No campo, o drama é ainda maior. O uso da irrigação é um luxo para poucos, o que torna a agricultura sujeita de maneira quase que permanente às condições climáticas. Se não chove, o desastre é certo. Na pecuária, a opção pela criação do gado bovino, uma tradição que nos acompanha desde os primeiros anos da colonização do Semiárido nordestino, ajuda ainda mais a agravar o problema no enfrentamento dos efeitos da seca. 

Enquanto que, por exemplo, para cabras e ovelhas são necessários 6 litros per capita por dia para dessedentar esses animais, uma vaca chega a consumir quase 10 vezes mais (53 litros).
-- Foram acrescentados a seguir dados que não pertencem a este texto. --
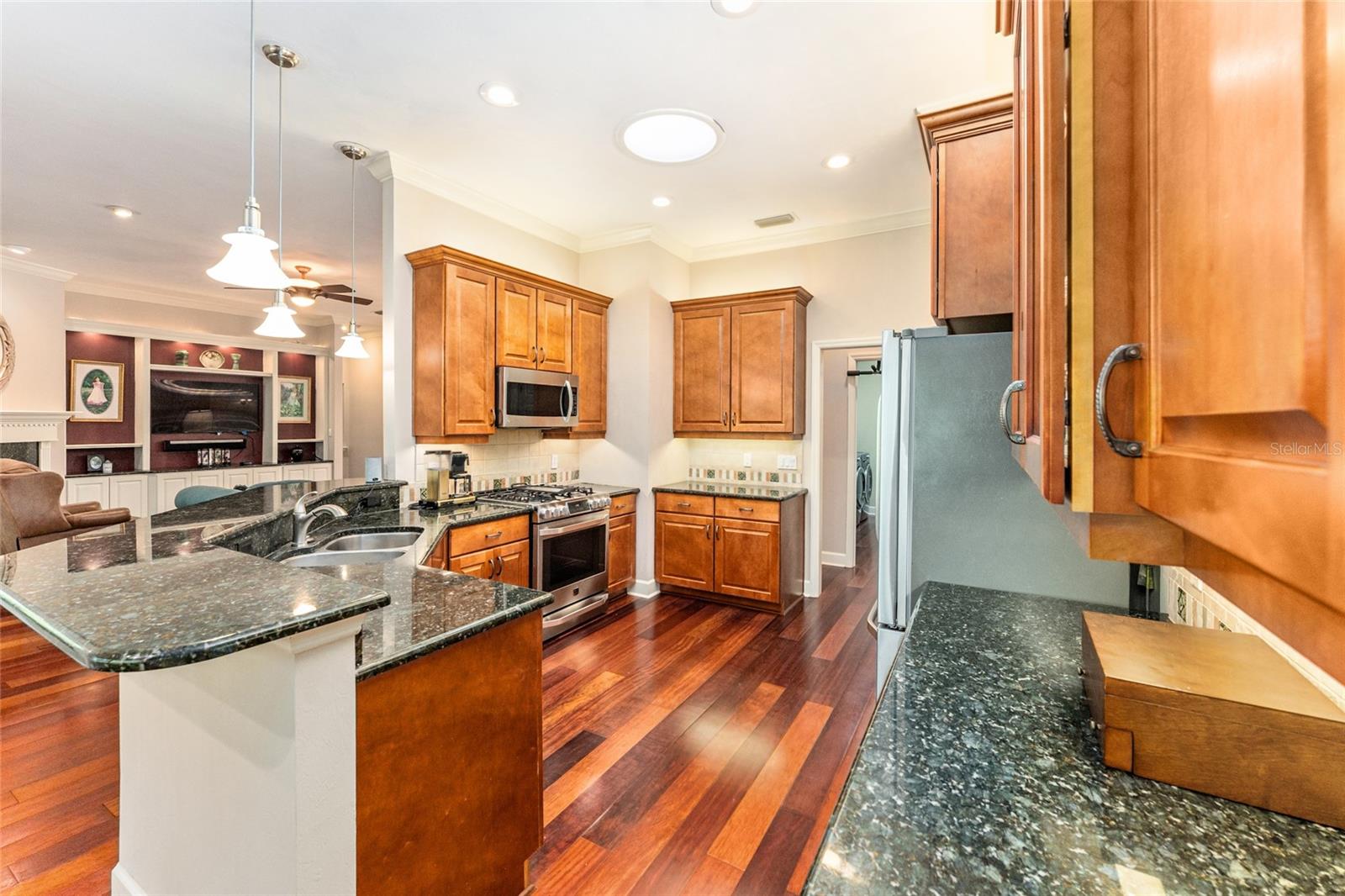 ELOISE GARDENS - Residential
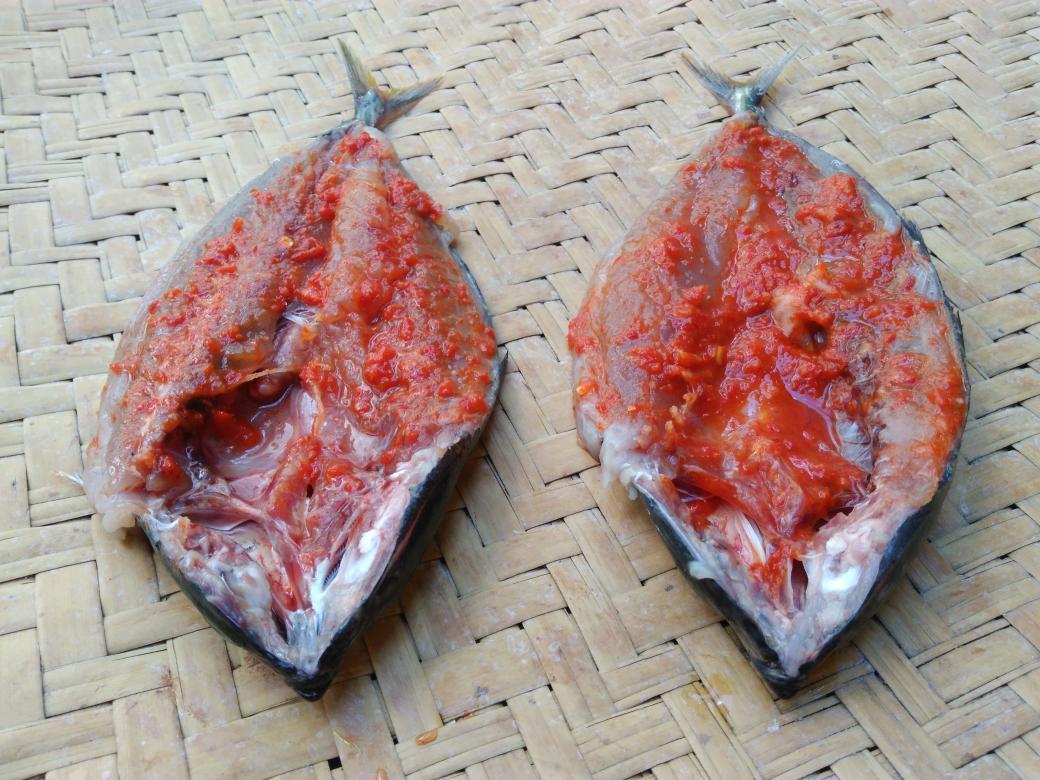 Malawasaq istilah orang2 Mandar untuk ikan Segar yg dikeringkan/diasinkan sehari, gbngan rasa ikan Segar n ikan asin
Além disso, o gado bovino é muito pouco resistente à seca e alimentá-lo, para pelo menos mantê-lo vivo, é um desafio difícil de ser enfrentado, daí o alto índice de mortalidade desses animais durante períodos de secas prolongadas. 

Tudo isso indica que é existem alternativas para além da pecuária bovina e que é necessário diversificar as atividades econômicas no Semiárido. Enfim, o problema da seca é, como Celso Furtado repetiu por mais de 50 anos, político. 

Por que, enfim, a seca só se apresenta como um problema quando ela está em plena vigência e os efeitos dela são tão visíveis que é impossível não nota-los? Depois de superada a seca atual, provavelmente a urgência se encerrará até que venha uma nova seca. E tudo recomeçará. Infelizmente, tem sido assim por décadas e décadas. 

A existência do Bolsa Família tem ajudado a impedir os saques a cidades e feiras, é verdade, uma prática que antes era recorrente quando uma seca acontecia. Mas, isso não basta. É preciso criar uma política de desenvolvimento que amplie e distribua a renda no Semiárido. E esse é um desafio não apenas da sociedade nordestina: tem que ser encarada como um problema nacional. E nisso, Celso Furtado continua atualíssimo.